Dans leur rapport, intitulé « Democracy not for sale : The struggle for food sovereignty in the age of austerity in Greece », qui a été publié lundi, les auteurs du rapport affirment que « les mesures d’austérité ont non seulement augmenté la pauvreté et l’insécurité alimentaire, mais que, de plus, elles ont consolidé une industrie agroalimentaire qui risque de perpétuer les inégalités en matière d’accès et de contrôle sur la nourriture. »
Près de 40 % des campagnards grecs menacés de pauvreté
Ils ont calculé que 38,9 % des citoyens grecs résidant en zone rurale en 2017 étaient menacés de pauvreté, que le taux de chômage dans ces régions est passé de 7 % à 25 % entre 2008 et 2013, tandis que le revenu par tête a chuté de 23,5 % au cours des mêmes années. Ils notent en outre que les prix des produits alimentaires ont augmenté plus rapidement en Grèce qu’ailleurs dans la zone euro, alors que les revenus et le coût du travail se sont effondrés.
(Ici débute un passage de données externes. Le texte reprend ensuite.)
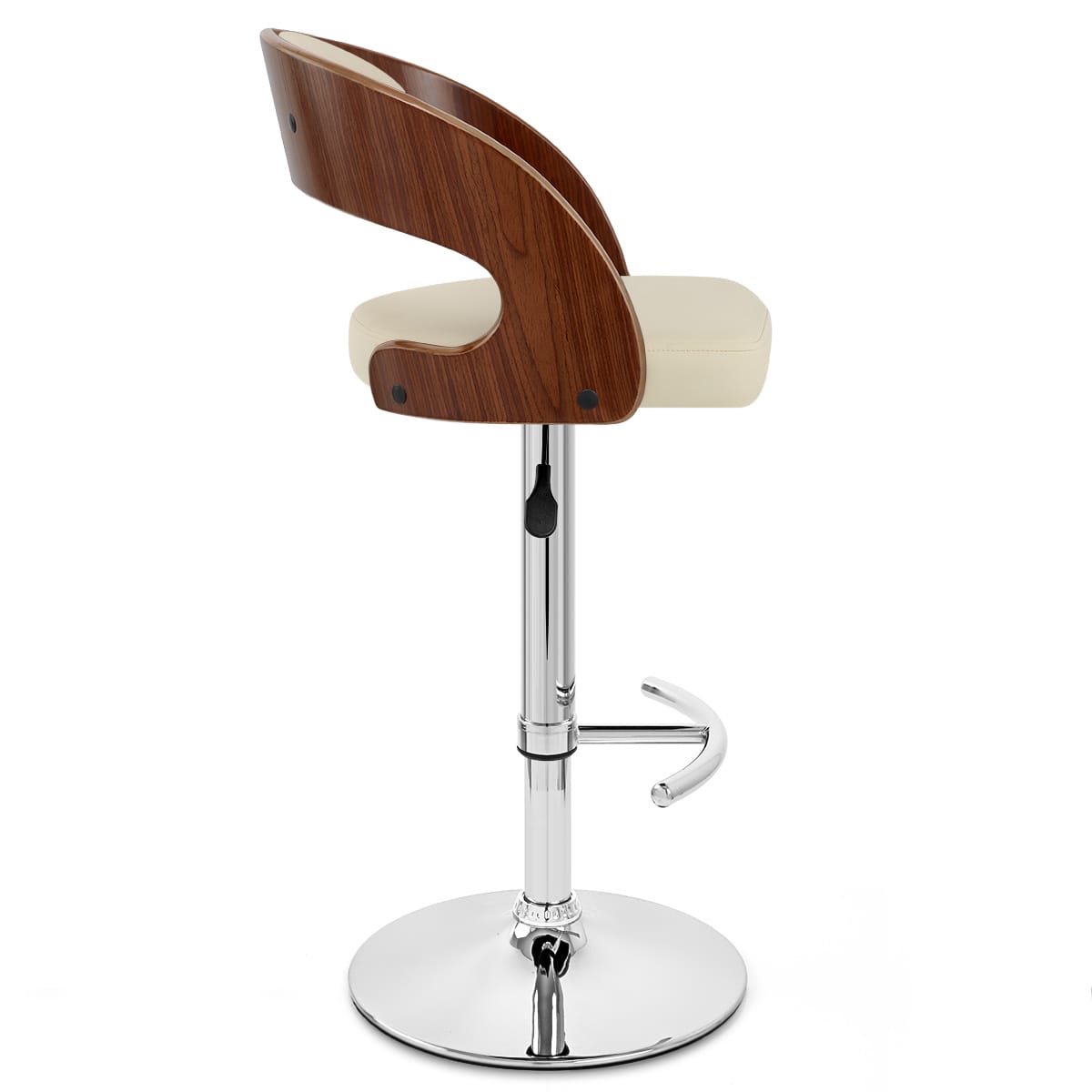Taburete Madera Nogal Cromo - Eva Crema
Cette situation a augmenté l’insécurité alimentaire dans toute la Grèce, car même si les gens ont réduit globalement leurs dépenses alimentaires, la part de celle-ci dans le total de leur budget a augmenté, passant de 16,4 % en 2008 à 20,7 % en 2016.
Des enquêtes sur le terrain menées sur 26 zones différentes dans le pays ont montré que la proportion de familles qui ne pouvaient plus se permettre un repas avec de la viande, du poulet, du poisson ou un équivalent protéiné végétarien un jour sur 2 a doublé au cours de la même période, passant de 7 %, à plus de 14 %. En outre, le nombre de familles incapables d’apporter une ration protéinée quotidienne à leurs enfants a également doublé, pour atteindre 8,9 % en 2014.
Les chercheurs notent que les réformes structurelles ont fait pencher la balance en faveur des plus gros détaillants de produits alimentaires et des négociants privés, au détriment des petits producteurs.
Une mise en cause de l’UE possible
Selon Olivier De Schutter, ex-rapporteur spécial de l’ONU pour le droit à l’alimentation, l’Union Européenne pourrait être mise en cause pour avoir violé le droit à la nourriture des Grecs, en vertu de l’article 340 du traité de fonctionnement de l’UE. Celui-ci prévoit « très clairement que le dommage causé en conséquence d’une faute des institutions de l’UE est un dommage qui devrait faire l’objet d’une compensation ». Toute la question serait d’identifier les personnes qui ont été affectées directement par les mesures d’austérité, qui seraient donc fondées à soumettre leur cas à la cour Européenne de justice. « Je connais des gens qui réfléchissent, et on m’a demandé conseil sur cette possibilité », précise-t-il.
« On nous dit que la Grèce est maintenant hors de danger, mais les impacts sur le niveau de vie des familles grecques et sur le droit la nourriture en particulier ont été énormes. Il est essentiel que nous tirions les leçons de ce qui s’est passé. Les résultats [de cette étude] sont une contribution significative pour le débat qui doit maintenant s’ouvrir », conclut-il.